The study will be conducted as a content validation study in the Maastricht
University Medical Centre + (MUMC+). A total of 30 patients undergoing a
right-heart catheterisation for clinical purposes will be included. The
indication usually is heart failure and/or pulmonary hypertension. All patients
will undergo the same standardized set of clinical and imaging tests after a
standardized informed consent procedure.

All research data are collected through standard medical procedures and no
experimental intervention is conducted.
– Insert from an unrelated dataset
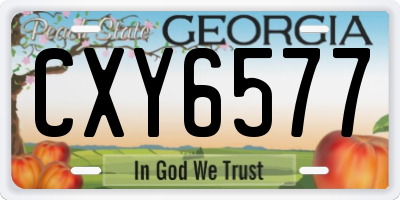 GA license plate CXY6577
The additional risk of this study is
very low and is limited to discomfort related to the additional procedures.
There will be no administration of MRI contrast media, unless clinically
indicated (in case patients require an MRI due to clinical reasons, the study
MRI and the clinical MRI will obviously be combined). The burden of
participation consists of time investment at both baseline (60 minutes for
clinical and echocardiography and a maximum of 60 minutes for MRI scanning) and
the risk of fatigue. There is no direct benefit for the participants. However,
this study will contribute to knowledge of hemodynamic factors associated with
cognitive decline which form possible targets for future therapy.